Tal construcción imaginaria fue para Romero positiva, en virtud del momento en que la misma se formuló. La renacida democracia de los ochenta llegaba a la escena política huérfana de casi todo, carenciada de prácticas, de dirigentes y hasta de ciudadanos acostumbrados a una rutina democrática. No es entonces un dato menor que sustentara sus endebles pasos iniciales en la otredad taxativamente negativa del período inmediato anterior.
Dos décadas después el sistema está pese a sus errores y retrocesos, definitivamente consolidado.

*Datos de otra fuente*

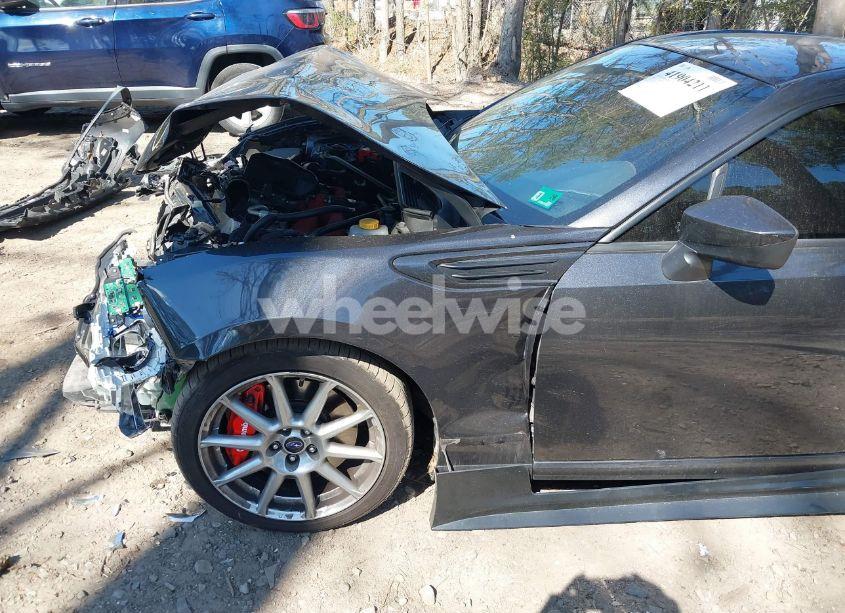 Photo 17 of 2018 Subaru Brz LIMITED (VIN JF1ZCAC10J9603543)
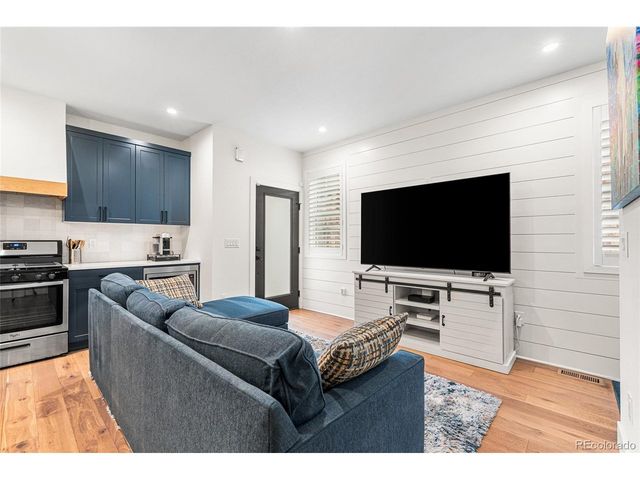 1316 Knox Ct 2, Denver, CO 80204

La práctica democrática es una recurrencia natural (y en muchos casos fastidiosamente aburrida) para los ciudadanos argentinos que en progresiva y avasallante mayoría etaria por simple paso del tiempo y perduración de la originalmente endeble democracia, no han conocido otro sistema político institucional que el determinado por la sociedad civil y las normas constitucionales.
Cree entonces el historiador Romero que en virtud de este afianzamiento y la consecuente maduración política del habitante-ciudadano, hay una pregunta que ya podemos y debemos hacernos: ¿fue esa dictadura un demonio ajeno a nuestra sociedad, o fue una expresión, repugnante pero legítima, de nuestra cultura política?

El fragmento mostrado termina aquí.